Una circunstancia aún más llamativa si se tienen en cuenta los dubitativos tanteos de sus comienzos, la torpeza juvenil y modernista de El maleficio de la mariposa o el seguidismo del teatro histórico-poético que hizo en Mariana Pineda.
Pero desde la superación de esas dudas iniciales la escritura teatral de García Lorca es un continuo y asombroso camino de perfección en el que se conjugan el talento y el trabajo, la gracia y las lecturas en una búsqueda exigente que explora las raíces tradicionales y neopopularistas de la farsa para guiñoles (Tragicomedia de don Cristóbal, Retablillo y Los títeres de Cachiporra) o para personas (La zapatera prodigiosa y Amor de don Perlimplín) o afronta con radicalidad los experimentos superrealistas en El público, Así que pasen cinco años y Comedia sin título.

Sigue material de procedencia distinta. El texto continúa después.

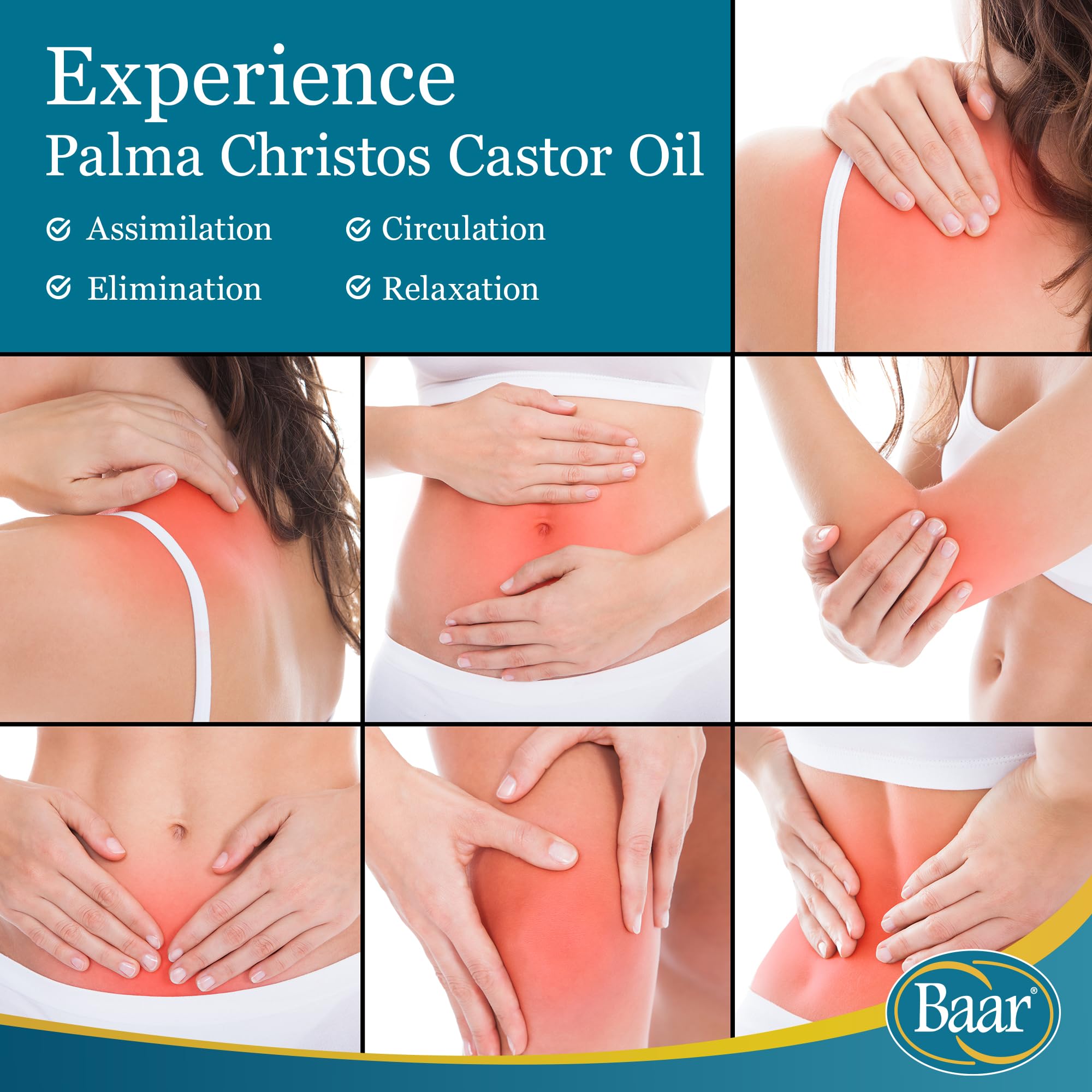 Baar Organic Castor Oil for hair care revitalizes strands.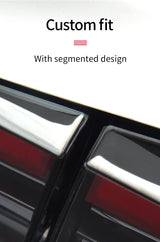 Stainless Steel Rear Light Trim for Tesla Model 3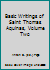 Basic Writings of Saint Thomas Aquinas, Volume Two B002DIVZXS Book Cover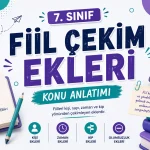 -7. Sinif Fiil Cekim Ekleri Konu Anlatimi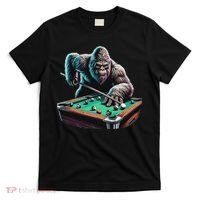 Funny Bigfoot Sasquatch Billiards Pool Player T-Shirt thumb 0
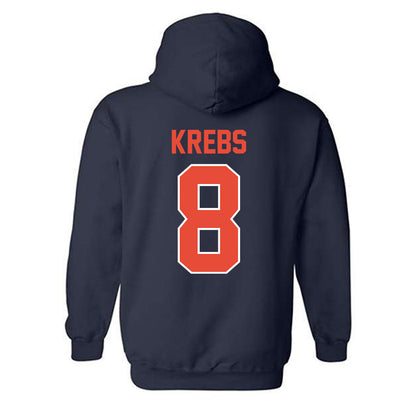 Illinois - NCAA Baseball : Lucas Krebs - Classic Shersey Hooded Sweatshirt-1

Lo culto y lo popular, la tradición y la vanguardia, Shakespeare y la lírica tradicional, lo andaluz y lo universal no son en Lorca más –ni menos- que la materia primordial con la que el dramaturgo construye un universo dramático intenso y personal, de potente imaginería verbal e inconfundiblemente suyo: el que culmina en Bodas de sangre, Yerma y La casa de Bernarda Alba.
Poesía que se levanta del libro y se hace humana, como decía el propio Lorca, su mundo teatral está vinculado en la superficie y en una compleja red de relaciones subterráneas con su mundo poético.
Ni Lope, cuyo genio no estuvo dotado para la tragedia, ni el adusto ceño filosófico de Calderón, ni el expresionismo distorsionante de Valle están a la altura de esas cimas lorquianas.
La asequible y muy cuidada edición del Teatro completo de García Lorca que acaba de publicar Galaxia Gutenberg /Círculo de Lectores, exenta de notas y aparato crítico, recupera la edición que Miguel García Posada publicó en esta misma editorial hace quince años.